Task - Every line of the material must be restated exactly, though not its pictures.

Supplied data -
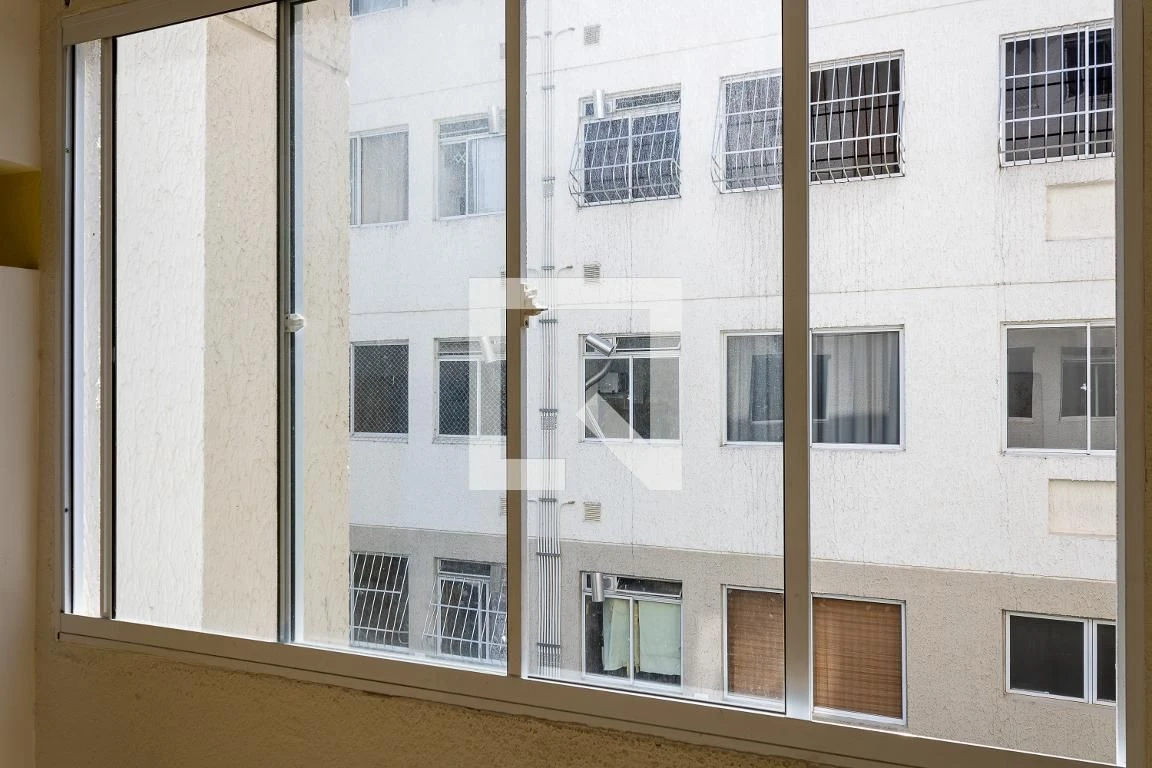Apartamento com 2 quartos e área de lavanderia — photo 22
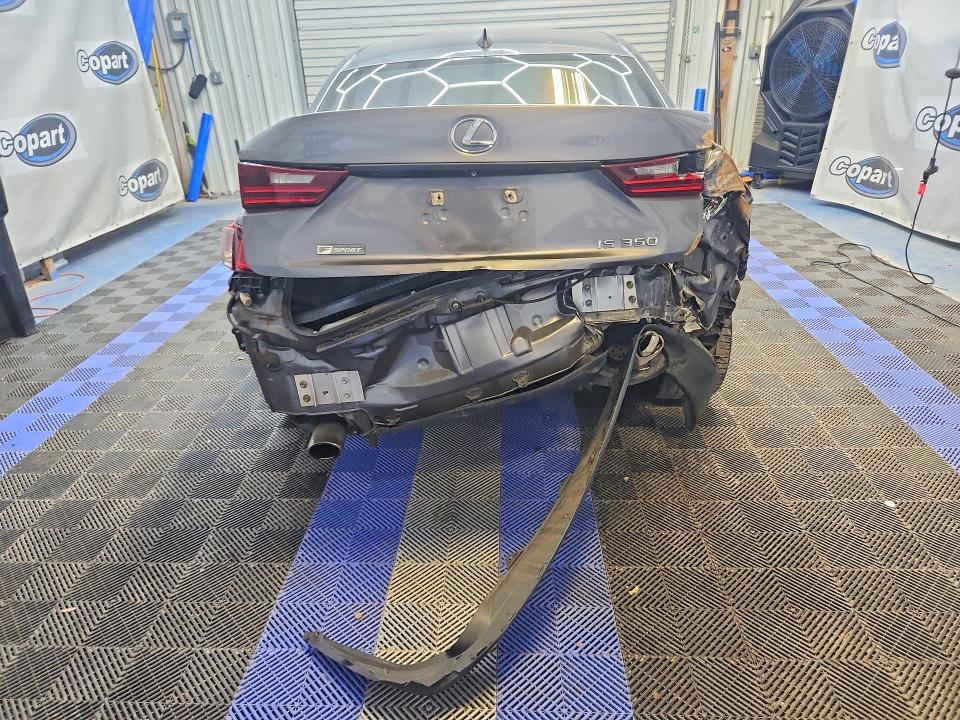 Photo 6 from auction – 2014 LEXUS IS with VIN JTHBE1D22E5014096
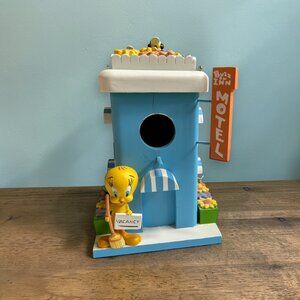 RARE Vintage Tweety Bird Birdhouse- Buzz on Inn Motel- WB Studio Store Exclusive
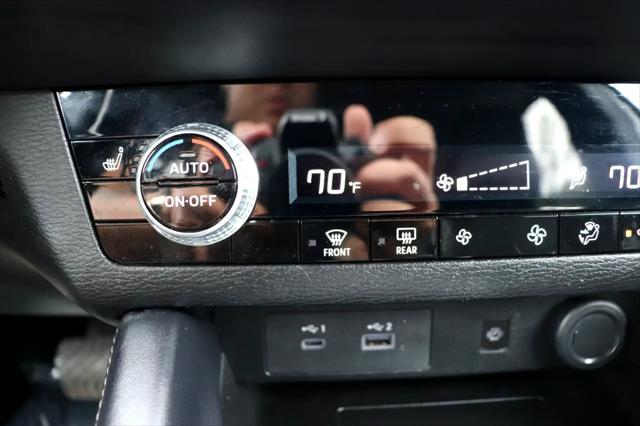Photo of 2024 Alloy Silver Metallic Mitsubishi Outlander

Answer to this problem -
Apartamento com 2 quartos e área de lavanderia — photo 22
 Photo 6 from auction – 2014 LEXUS IS with VIN JTHBE1D22E5014096
 RARE Vintage Tweety Bird Birdhouse- Buzz on Inn Motel- WB Studio Store Exclusive
Photo of 2024 Alloy Silver Metallic Mitsubishi Outlander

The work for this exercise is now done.